A verbatim transcript of the data below is required, images omitted.

[Recorded data Boundary: Start]

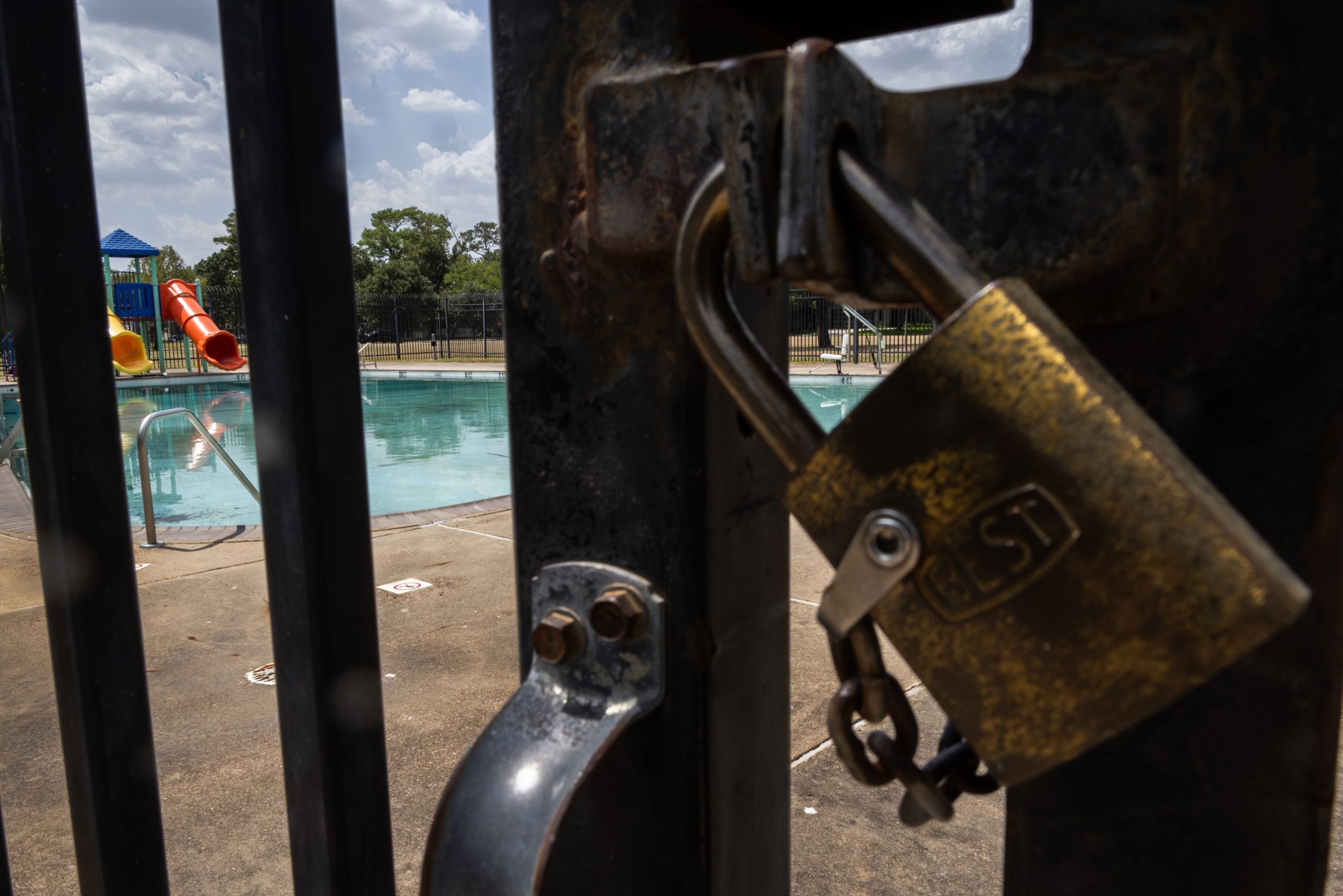 A lock keeps the gates of the Oak Forest swimming pool closed to the public, Friday, July 28, 2023, in Houston.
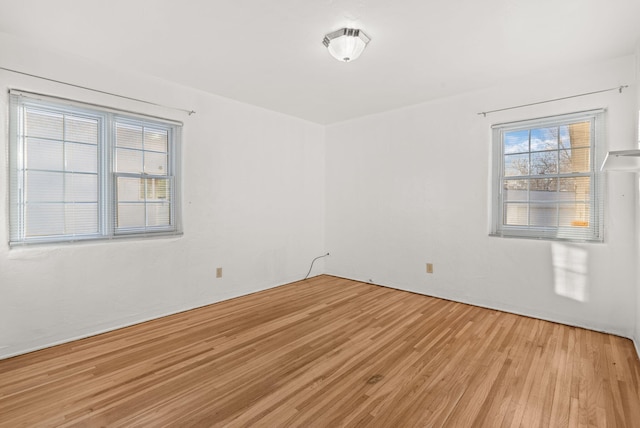 unfurnished room with light hardwood / wood-style floors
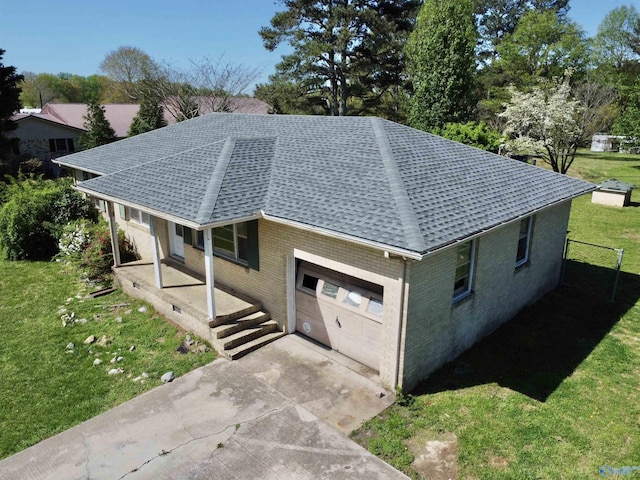 view of property exterior with driveway, brick siding, a yard, a shingled roof, and covered porch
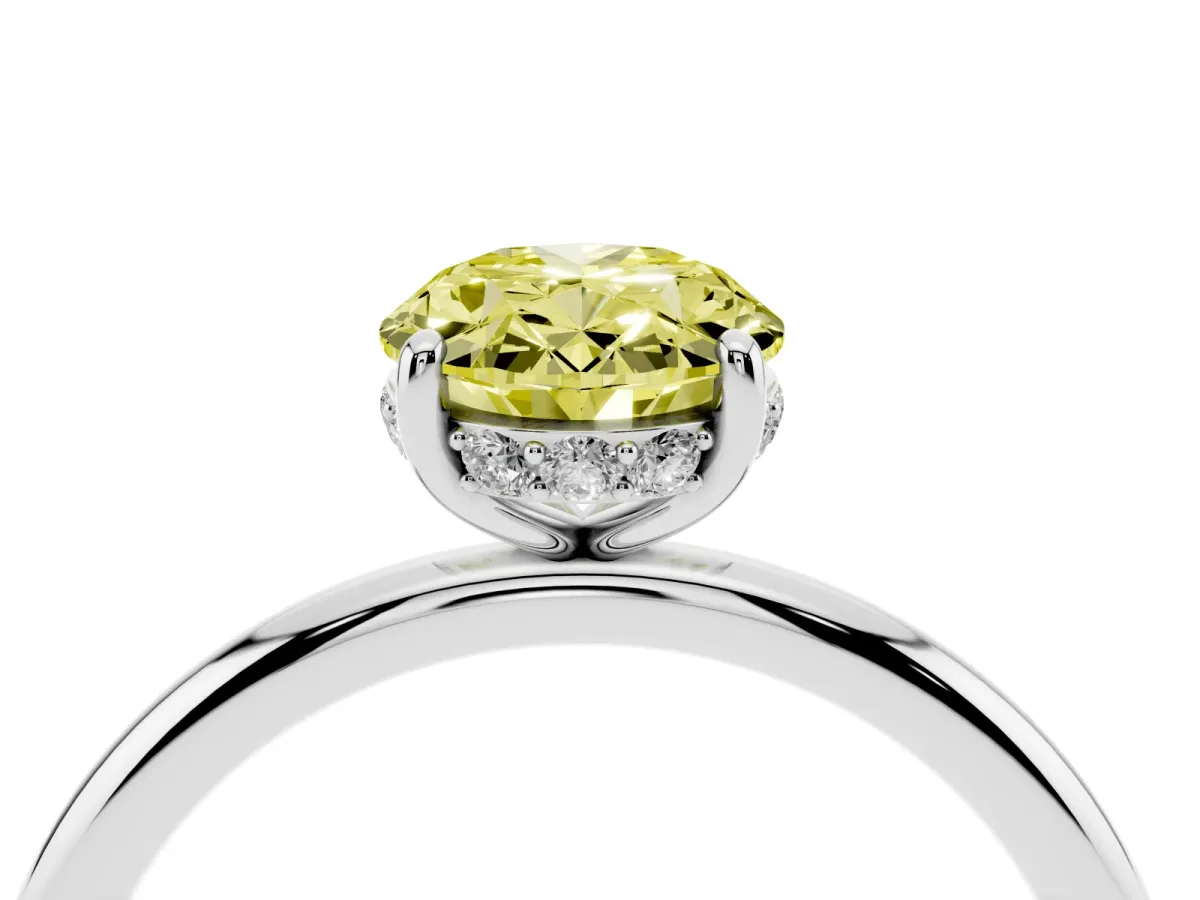 Fancy Yellow Oval Cut Solitaire Diamond Ring with a Classic Band and Four-Prong Setting Silver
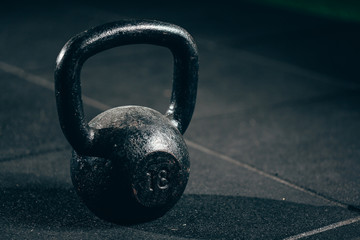 Naklejka na ściany i meble Black heavy kettlebell on gray floor, weightlifting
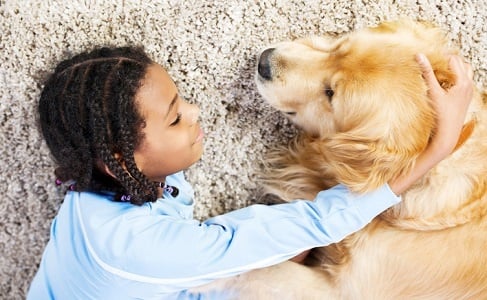 Girl and dog embraced lying on the carpet.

[Recorded data Boundary: End]

• **Reply to the exercise**:
 A lock keeps the gates of the Oak Forest swimming pool closed to the public, Friday, July 28, 2023, in Houston.
 unfurnished room with light hardwood / wood-style floors
 view of property exterior with driveway, brick siding, a yard, a shingled roof, and covered porch
 Fancy Yellow Oval Cut Solitaire Diamond Ring with a Classic Band and Four-Prong Setting Silver
 Naklejka na ściany i meble Black heavy kettlebell on gray floor, weightlifting
 Girl and dog embraced lying on the carpet.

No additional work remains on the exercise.